Stored items
########################################

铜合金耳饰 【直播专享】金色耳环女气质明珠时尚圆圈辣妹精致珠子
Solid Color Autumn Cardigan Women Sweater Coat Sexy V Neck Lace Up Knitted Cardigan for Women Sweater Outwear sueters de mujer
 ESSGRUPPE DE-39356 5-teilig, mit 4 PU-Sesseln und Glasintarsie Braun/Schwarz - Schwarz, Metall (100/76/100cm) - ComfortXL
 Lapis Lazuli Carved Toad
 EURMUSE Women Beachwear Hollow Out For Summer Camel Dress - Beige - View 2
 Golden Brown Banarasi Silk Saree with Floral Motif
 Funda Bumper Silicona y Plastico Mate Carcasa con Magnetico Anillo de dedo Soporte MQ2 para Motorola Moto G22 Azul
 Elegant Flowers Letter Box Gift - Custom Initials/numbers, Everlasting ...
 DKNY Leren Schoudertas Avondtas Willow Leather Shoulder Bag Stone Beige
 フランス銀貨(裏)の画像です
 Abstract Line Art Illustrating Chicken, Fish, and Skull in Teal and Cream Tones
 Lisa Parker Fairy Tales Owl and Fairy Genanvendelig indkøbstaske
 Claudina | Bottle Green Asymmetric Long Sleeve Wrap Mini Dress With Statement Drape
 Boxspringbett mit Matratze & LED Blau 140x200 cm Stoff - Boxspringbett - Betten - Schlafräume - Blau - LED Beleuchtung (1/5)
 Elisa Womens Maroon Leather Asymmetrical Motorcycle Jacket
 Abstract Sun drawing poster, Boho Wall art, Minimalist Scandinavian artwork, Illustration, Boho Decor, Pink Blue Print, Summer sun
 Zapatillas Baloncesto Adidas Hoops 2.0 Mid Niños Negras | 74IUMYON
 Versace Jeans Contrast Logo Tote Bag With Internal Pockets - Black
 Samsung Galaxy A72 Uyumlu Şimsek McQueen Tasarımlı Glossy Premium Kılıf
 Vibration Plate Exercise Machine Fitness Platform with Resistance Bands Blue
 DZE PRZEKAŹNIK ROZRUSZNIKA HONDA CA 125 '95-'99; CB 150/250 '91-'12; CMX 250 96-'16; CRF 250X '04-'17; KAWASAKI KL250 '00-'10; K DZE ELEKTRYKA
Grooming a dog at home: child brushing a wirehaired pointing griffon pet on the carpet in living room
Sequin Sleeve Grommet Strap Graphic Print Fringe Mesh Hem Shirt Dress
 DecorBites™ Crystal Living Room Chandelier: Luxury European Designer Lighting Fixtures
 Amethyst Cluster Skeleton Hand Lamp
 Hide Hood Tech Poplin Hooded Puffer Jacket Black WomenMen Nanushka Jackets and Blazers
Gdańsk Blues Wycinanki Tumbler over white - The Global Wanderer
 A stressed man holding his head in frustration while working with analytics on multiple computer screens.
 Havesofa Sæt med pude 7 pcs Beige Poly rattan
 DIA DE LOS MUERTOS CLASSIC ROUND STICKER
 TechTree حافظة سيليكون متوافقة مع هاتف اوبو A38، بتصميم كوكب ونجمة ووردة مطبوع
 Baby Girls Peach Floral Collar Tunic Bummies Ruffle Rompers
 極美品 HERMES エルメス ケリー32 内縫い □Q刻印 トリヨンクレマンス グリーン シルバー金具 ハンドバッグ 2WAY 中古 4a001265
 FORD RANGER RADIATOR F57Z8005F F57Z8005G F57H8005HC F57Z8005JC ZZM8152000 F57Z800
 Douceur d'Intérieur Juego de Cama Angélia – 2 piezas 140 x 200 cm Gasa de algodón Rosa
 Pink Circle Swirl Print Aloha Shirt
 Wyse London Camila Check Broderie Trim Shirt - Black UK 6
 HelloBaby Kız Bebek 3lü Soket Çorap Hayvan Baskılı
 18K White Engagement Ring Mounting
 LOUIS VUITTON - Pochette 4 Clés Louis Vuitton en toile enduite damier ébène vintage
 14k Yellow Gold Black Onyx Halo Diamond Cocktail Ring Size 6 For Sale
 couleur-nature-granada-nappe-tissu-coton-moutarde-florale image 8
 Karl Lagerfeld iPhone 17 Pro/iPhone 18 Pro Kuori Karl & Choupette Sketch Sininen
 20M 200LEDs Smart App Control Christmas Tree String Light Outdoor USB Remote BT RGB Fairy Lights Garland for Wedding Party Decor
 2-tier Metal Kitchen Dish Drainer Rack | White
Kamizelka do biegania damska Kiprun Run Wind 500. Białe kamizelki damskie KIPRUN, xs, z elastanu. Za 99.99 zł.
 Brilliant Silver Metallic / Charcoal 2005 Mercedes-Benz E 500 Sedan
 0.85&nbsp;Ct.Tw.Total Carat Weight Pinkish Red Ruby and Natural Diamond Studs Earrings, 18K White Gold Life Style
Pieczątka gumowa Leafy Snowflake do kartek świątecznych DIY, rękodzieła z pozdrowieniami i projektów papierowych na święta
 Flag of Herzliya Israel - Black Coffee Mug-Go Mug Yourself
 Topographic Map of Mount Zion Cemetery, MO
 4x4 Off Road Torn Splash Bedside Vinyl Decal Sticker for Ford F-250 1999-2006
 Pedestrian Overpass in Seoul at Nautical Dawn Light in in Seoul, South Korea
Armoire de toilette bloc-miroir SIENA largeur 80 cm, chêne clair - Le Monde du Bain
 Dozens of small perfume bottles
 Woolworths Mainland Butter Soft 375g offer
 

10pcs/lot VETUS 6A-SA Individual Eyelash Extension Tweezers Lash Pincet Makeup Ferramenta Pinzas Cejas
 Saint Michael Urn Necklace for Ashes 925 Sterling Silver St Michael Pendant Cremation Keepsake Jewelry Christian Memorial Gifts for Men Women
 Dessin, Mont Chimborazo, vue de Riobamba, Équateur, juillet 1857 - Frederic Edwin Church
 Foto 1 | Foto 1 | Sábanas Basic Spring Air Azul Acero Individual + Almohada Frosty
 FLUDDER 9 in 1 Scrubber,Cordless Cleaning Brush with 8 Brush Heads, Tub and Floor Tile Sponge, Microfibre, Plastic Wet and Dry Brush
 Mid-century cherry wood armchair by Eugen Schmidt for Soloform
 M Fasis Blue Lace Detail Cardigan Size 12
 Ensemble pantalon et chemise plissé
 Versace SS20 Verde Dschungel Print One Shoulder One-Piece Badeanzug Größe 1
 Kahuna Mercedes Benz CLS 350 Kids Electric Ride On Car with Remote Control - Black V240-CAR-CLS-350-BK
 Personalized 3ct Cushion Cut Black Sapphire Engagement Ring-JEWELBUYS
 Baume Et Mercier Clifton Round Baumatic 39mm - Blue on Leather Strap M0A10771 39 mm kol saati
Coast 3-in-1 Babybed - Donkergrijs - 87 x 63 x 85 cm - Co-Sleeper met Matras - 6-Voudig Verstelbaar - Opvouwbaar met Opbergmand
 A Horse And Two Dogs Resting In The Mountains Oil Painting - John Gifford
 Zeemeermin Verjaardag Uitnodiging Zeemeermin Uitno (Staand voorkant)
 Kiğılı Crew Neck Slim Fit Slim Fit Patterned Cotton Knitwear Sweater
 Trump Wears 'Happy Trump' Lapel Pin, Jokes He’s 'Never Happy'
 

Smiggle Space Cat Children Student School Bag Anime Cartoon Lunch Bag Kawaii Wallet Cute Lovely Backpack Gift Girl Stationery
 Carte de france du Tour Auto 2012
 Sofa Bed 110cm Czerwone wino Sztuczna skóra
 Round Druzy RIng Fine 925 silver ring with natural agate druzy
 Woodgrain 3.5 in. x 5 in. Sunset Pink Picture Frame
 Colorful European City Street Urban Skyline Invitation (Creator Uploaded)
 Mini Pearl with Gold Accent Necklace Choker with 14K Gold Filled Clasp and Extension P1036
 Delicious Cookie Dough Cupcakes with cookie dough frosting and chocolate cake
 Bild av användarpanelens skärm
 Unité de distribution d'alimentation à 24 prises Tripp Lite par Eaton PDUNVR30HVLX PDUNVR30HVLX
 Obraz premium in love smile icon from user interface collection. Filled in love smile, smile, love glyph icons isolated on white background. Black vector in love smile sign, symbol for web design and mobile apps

########################################

## Prompt:
Write out word for word every line from the one containing "Sofa Bed 110cm Czerwone wino Sztuczna skóra" through the last line of the data, and no other line.

## Solution to the exercise:
 Sofa Bed 110cm Czerwone wino Sztuczna skóra
 Round Druzy RIng Fine 925 silver ring with natural agate druzy
 Woodgrain 3.5 in. x 5 in. Sunset Pink Picture Frame
 Colorful European City Street Urban Skyline Invitation (Creator Uploaded)
 Mini Pearl with Gold Accent Necklace Choker with 14K Gold Filled Clasp and Extension P1036
 Delicious Cookie Dough Cupcakes with cookie dough frosting and chocolate cake
 Bild av användarpanelens skärm
 Unité de distribution d'alimentation à 24 prises Tripp Lite par Eaton PDUNVR30HVLX PDUNVR30HVLX
 Obraz premium in love smile icon from user interface collection. Filled in love smile, smile, love glyph icons isolated on white background. Black vector in love smile sign, symbol for web design and mobile apps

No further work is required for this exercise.